** Opening RECORDS FOR THE EXERCISE block **
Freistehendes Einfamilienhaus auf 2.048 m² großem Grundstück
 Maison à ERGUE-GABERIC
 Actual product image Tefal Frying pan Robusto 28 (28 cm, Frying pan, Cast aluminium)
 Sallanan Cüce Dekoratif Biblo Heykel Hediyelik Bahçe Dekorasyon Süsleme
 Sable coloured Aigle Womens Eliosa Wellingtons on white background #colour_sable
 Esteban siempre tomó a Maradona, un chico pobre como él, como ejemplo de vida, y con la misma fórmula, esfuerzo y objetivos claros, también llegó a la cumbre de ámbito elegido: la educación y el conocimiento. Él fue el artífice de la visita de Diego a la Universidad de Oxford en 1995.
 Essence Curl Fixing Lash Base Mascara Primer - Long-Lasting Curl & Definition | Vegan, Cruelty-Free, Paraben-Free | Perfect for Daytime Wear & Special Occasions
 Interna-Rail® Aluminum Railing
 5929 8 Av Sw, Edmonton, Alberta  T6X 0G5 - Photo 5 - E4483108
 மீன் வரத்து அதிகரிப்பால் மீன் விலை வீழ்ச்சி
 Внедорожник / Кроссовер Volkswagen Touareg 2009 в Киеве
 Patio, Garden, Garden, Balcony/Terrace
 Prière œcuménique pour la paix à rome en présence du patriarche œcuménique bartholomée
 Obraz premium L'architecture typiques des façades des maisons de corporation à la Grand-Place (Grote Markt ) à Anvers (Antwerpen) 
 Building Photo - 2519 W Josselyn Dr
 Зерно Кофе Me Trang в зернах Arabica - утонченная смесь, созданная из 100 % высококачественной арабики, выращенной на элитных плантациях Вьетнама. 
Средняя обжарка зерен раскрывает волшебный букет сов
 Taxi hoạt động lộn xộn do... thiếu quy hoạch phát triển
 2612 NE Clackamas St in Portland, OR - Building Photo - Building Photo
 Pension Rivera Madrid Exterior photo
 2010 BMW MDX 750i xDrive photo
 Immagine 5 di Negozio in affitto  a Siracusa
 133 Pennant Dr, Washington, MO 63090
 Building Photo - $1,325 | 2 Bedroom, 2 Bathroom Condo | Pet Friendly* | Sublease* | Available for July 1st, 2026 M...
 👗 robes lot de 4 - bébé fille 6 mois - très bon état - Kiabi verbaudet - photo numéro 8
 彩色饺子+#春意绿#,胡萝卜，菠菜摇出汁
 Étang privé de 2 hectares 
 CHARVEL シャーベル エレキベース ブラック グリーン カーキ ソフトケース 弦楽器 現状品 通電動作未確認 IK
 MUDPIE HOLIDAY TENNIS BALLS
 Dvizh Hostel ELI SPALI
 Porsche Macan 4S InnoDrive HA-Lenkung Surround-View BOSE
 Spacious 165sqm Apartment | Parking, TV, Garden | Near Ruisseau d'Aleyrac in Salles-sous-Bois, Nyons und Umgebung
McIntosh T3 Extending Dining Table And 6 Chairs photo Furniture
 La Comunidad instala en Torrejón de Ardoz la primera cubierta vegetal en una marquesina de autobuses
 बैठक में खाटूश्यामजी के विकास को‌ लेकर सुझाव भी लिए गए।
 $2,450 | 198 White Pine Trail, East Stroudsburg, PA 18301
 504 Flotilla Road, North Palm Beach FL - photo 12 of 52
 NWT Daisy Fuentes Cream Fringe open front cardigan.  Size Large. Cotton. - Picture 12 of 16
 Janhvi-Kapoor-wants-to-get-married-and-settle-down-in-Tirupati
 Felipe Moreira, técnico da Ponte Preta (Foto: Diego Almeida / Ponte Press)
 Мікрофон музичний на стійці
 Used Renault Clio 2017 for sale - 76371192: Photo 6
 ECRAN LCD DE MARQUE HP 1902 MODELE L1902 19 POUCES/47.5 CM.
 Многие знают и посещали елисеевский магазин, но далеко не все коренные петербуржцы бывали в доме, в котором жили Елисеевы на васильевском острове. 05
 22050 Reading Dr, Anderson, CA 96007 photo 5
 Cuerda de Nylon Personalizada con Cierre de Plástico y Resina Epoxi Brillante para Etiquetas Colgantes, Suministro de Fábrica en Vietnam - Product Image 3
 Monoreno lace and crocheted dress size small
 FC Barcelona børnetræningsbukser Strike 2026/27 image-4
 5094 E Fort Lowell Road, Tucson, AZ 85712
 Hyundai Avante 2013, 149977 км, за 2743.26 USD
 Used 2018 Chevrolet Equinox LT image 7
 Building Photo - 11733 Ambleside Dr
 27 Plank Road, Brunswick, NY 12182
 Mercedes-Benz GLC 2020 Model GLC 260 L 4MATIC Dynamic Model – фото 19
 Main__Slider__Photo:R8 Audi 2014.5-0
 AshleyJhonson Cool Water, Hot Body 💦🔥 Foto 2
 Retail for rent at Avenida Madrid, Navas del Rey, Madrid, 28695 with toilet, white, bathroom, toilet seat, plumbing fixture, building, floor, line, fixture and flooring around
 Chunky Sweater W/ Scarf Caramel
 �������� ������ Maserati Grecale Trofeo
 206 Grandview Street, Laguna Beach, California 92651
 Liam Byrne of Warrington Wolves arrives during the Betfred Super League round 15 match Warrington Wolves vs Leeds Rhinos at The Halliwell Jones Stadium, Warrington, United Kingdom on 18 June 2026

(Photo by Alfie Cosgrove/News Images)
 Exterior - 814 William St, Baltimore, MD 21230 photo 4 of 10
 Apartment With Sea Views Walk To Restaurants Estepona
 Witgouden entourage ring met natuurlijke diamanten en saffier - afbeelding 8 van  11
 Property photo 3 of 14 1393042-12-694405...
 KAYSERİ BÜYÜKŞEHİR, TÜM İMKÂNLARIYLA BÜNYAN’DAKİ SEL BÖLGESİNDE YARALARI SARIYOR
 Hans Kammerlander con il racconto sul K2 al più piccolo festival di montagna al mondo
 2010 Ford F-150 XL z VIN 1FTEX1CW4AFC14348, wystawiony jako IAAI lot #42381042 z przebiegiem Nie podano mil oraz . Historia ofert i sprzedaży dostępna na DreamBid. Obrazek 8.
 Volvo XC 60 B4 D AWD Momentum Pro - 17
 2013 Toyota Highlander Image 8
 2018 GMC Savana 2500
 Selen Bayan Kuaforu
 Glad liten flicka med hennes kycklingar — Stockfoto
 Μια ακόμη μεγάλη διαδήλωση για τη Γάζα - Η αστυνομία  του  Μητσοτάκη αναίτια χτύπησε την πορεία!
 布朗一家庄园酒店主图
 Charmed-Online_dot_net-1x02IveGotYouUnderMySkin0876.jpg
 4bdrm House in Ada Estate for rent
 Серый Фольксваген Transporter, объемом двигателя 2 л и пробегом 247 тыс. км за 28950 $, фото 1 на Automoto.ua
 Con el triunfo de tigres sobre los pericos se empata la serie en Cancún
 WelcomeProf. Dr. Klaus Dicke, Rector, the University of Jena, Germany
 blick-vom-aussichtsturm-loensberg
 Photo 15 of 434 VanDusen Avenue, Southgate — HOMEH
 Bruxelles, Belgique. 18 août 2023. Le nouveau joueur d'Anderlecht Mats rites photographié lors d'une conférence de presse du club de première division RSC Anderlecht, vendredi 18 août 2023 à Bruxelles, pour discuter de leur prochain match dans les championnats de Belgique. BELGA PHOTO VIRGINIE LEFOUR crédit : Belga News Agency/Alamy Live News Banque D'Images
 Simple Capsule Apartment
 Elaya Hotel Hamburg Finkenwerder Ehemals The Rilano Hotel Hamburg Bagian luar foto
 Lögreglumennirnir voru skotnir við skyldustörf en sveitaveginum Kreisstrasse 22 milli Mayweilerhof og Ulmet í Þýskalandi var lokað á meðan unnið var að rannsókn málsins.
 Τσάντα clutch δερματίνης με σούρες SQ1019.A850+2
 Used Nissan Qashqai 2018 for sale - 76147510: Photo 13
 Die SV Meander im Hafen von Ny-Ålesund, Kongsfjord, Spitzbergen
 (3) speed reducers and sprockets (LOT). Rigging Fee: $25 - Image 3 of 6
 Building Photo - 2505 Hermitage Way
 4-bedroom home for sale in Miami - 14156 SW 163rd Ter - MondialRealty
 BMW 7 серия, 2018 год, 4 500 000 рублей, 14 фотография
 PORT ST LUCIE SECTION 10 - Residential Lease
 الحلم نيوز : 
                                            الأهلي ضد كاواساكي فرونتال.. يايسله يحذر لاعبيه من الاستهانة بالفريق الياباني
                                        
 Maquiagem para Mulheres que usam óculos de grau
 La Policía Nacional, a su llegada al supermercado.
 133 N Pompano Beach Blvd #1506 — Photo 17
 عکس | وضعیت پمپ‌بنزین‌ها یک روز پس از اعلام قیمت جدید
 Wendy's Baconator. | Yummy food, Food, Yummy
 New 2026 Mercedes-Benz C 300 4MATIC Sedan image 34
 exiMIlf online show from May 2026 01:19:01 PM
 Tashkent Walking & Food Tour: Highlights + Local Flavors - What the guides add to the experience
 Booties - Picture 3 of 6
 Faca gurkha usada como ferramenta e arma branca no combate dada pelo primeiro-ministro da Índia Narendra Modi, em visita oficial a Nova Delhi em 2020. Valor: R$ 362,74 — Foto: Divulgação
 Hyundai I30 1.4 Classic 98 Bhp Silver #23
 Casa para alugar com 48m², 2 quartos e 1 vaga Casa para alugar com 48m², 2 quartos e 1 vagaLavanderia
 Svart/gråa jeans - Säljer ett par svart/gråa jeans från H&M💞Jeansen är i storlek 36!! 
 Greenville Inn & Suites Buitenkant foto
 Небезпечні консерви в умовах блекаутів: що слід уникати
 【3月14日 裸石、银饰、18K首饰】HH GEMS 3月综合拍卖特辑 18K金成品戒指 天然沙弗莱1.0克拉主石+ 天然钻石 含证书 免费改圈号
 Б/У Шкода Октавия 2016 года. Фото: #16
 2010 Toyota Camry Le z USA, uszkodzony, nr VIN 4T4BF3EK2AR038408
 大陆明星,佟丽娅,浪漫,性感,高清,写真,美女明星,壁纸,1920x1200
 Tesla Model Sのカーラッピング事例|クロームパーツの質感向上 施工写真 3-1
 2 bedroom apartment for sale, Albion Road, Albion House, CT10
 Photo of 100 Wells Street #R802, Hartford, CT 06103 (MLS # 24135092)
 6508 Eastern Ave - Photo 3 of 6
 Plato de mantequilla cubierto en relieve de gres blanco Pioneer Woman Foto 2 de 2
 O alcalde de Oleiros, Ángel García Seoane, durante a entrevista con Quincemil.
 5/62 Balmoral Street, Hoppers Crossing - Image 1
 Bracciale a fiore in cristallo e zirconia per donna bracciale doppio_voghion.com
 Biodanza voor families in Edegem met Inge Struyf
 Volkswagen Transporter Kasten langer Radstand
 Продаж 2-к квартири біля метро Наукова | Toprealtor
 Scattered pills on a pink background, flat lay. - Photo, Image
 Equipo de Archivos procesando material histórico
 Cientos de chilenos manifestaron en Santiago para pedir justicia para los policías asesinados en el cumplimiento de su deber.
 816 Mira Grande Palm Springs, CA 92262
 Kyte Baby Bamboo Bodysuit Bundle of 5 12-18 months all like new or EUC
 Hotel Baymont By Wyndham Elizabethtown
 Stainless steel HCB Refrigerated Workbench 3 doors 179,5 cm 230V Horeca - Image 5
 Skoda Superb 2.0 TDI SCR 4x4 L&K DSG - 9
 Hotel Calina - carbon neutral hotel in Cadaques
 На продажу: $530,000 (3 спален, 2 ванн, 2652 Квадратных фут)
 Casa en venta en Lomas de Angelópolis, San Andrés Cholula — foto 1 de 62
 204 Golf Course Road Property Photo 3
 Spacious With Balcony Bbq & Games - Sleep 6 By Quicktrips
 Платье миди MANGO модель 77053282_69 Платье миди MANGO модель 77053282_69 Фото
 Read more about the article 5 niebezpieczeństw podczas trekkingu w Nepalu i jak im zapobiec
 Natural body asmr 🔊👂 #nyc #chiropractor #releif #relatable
** Closing RECORDS FOR THE EXERCISE block **
EXERCISE AIM ->
From the records above, quote only the lines running from the line with "Monoreno lace and crocheted dress size small" to the line with "Property photo 3 of 14 1393042-12-694405...", both lines included.

TASK RESPONSE ->
 Monoreno lace and crocheted dress size small
 FC Barcelona børnetræningsbukser Strike 2026/27 image-4
 5094 E Fort Lowell Road, Tucson, AZ 85712
 Hyundai Avante 2013, 149977 км, за 2743.26 USD
 Used 2018 Chevrolet Equinox LT image 7
 Building Photo - 11733 Ambleside Dr
 27 Plank Road, Brunswick, NY 12182
 Mercedes-Benz GLC 2020 Model GLC 260 L 4MATIC Dynamic Model – фото 19
 Main__Slider__Photo:R8 Audi 2014.5-0
 AshleyJhonson Cool Water, Hot Body 💦🔥 Foto 2
 Retail for rent at Avenida Madrid, Navas del Rey, Madrid, 28695 with toilet, white, bathroom, toilet seat, plumbing fixture, building, floor, line, fixture and flooring around
 Chunky Sweater W/ Scarf Caramel
 �������� ������ Maserati Grecale Trofeo
 206 Grandview Street, Laguna Beach, California 92651
 Liam Byrne of Warrington Wolves arrives during the Betfred Super League round 15 match Warrington Wolves vs Leeds Rhinos at The Halliwell Jones Stadium, Warrington, United Kingdom on 18 June 2026

(Photo by Alfie Cosgrove/News Images)
 Exterior - 814 William St, Baltimore, MD 21230 photo 4 of 10
 Apartment With Sea Views Walk To Restaurants Estepona
 Witgouden entourage ring met natuurlijke diamanten en saffier - afbeelding 8 van  11
 Property photo 3 of 14 1393042-12-694405...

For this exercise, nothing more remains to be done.